Broken Heel

Everything About Fiction You Never Wanted to Know.
These shoes weren't made for running.

The Lady Amalthea fell as irrevocably as a flower breaks.

Any minor obstacle which causes a fleeing victim to fall or become slowed to allow a pursuer a better chance to catch up—a broken shoe heel, a tree root, a twisted ankle, a car that won't start, etc.

This trope dates back to the early days of movie-making and more often involves female characters, although males also had to be slowed down for some monsters. Frankenstein and the '40s-era mummy movies both featured monstrous characters unable to move faster than a walking pace. The Frankenstein movies were usually well-made enough so that the inability of human characters to run away from the monster might not be noticed. There were often scenes in films in which characters would run, run a bit more, and even enter a building and lock doors, and still inexplicably find the creature following right behind them and able to throttle them before they could sound an alarm or make a phone call.

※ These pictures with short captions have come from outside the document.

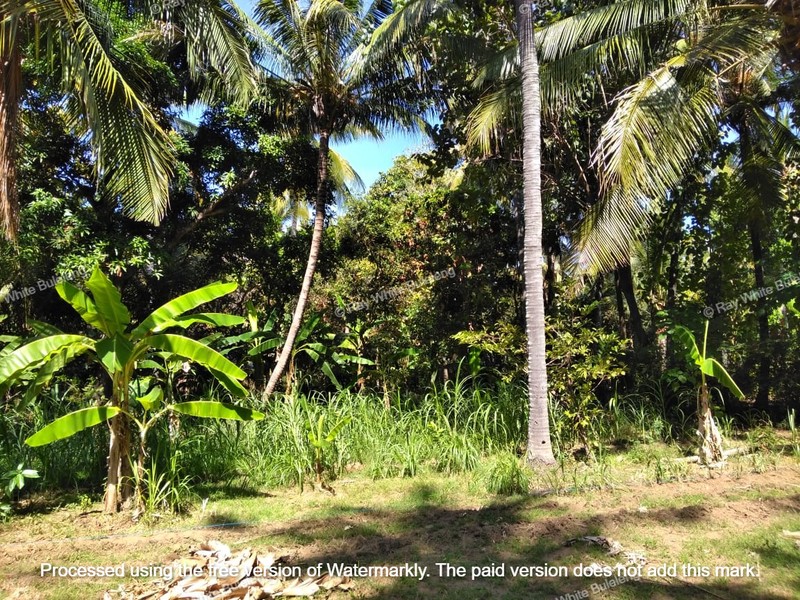 Strategic 1500 sqm Land in Air Sanih - Perfect for Residential Development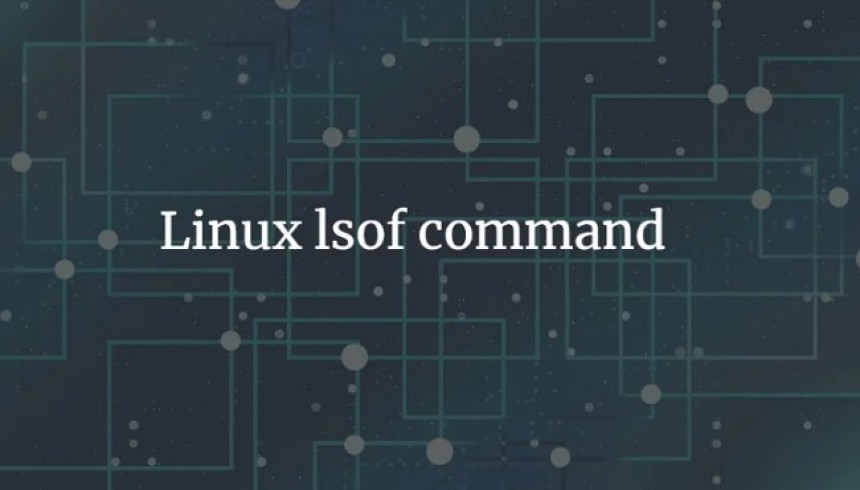 Hướng dẫn cách sử dụng lsof để theo dõi file đang mở trên Linux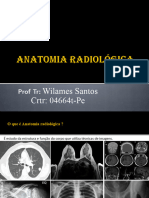 Anatomia Radiologica Essencial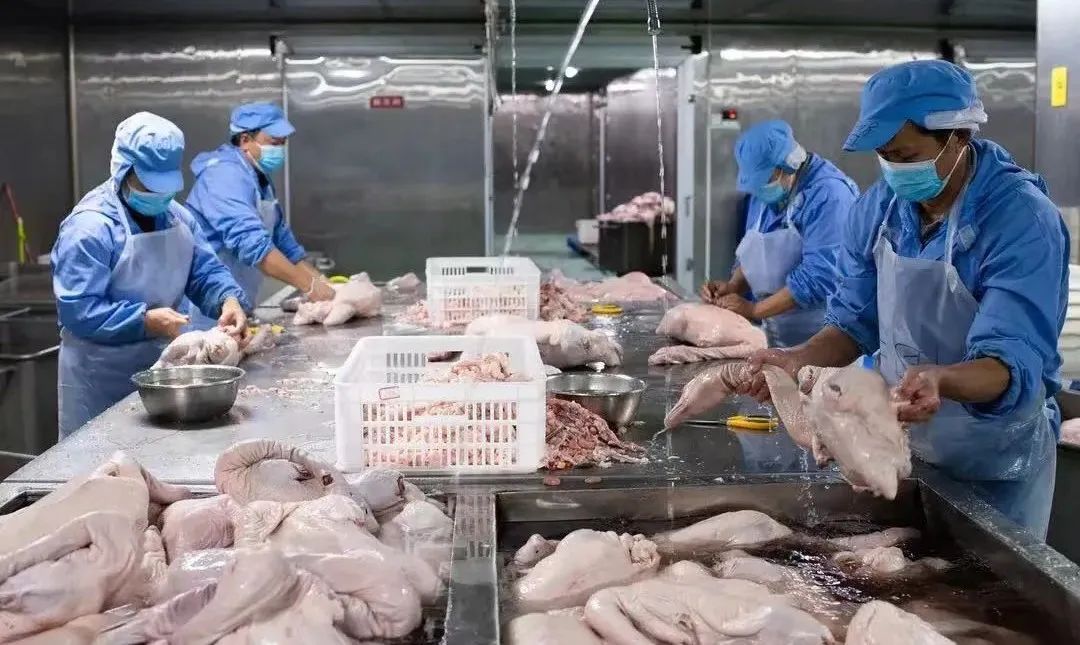 1656557043201008.jpg 1656557043201008.jpg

In movies of the '20s and '30s, the Damsel in Distress could simply simper, act dizzy, and faint to let monsters catch up. The '50s were the heyday of wearing narrow-hemmed long skirts with spike heels. In these situations, moving over anything but smooth floors was difficult for the actress, so having her stumble, stagger, and trip over outdoor terrain made sense. Unless, of course, you asked why on Earth she would dress like that while investigating a potentially dangerous situation out of doors.

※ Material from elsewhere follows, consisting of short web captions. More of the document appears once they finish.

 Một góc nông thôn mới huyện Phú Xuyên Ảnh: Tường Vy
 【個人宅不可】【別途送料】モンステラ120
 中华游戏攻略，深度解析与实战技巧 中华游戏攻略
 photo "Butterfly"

In modern horror films, "broken heel" situations tend to stand out more, as they have to be coupled with a communications blackout. That is, to be isolated enough for the monster to prey on them, the hapless quasi-teens have to be kept from running away, calling out on their cell phones, or flagging down a ride. In movies following the Friday the 13 th stereotype, very often most of the plot beyond that of the monster's killing attacks involves explaining the victim's isolation or watching the victim's attempts to break it in some manner. When the scriptwriter is desperate enough, Jason, Pumpkinhead, etc., will often just show up in front of the character for no reason other than that destiny (or the plot) demands it. This will even happen to a character who has been running directly away from the killer for several minutes.

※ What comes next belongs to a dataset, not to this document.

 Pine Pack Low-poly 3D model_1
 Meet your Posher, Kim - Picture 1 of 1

Specific variations: Twisted Ankle, My Car Hates Me, Dramatic Slip.

Unrelated to Heel or Villainous Breakdown.

Examples of Broken Heel include:

Advertising

  • Nike averted this trope in a commercial once (an athlete escapes chainsaw-wielding killer by outrunning him), and Moral Guardians complained because the girl was in her underwear.

Anime and Manga

  • A variation happens in One Piece, where Vivi's search for a Time Bomb that's about to explode is slowed down by her sandals breaking into pieces.
  • Rally Vincent breaks a heel when diving to avoid an assassin's gunfire in the third episode of the original Gunsmith Cats OVA series. Unlike the usual victim of this, she immediately discards both shoes and chases after the assassin in stocking feet.

Comic Books

  • There's a story where The Joker is well ahead of Batman as he runs from his abandoned Evil Lair, but a previous plot point has established that the beach onto which they're running is covered in oil. The Joker overcomes this, despite slipping a few times, and makes it to the Batmobile, planning to escape Batman in his own car. The car, however- won't start, and Batman catches up. Once he has the Joker in custody, Batman reveals that there's a hidden mechanism involved in starting the thing- there's some sort of mechanism attached to the radio which has to be set to read "BATMAN" before the car will start. Clearly this was something he put in before this one story before dismissing it as too impractical, because how else would he start the damn thing so quickly in other stories?

Film

  • But neatly inverted in The Relic when the heroine, dressed for a fancy museum reception in gown and heels, realizes she's been locked in a wing of the building with the monster and promptly removes her high-heeled shoes to go barefoot.
  • Ditto True Lies
  • Likewise inverted in Crocodile Dundee when the character Sue, trying to catch up to Dundee before he gets on a subway, is slowed by her high heels. She takes them off, tosses them away, and starts sprinting.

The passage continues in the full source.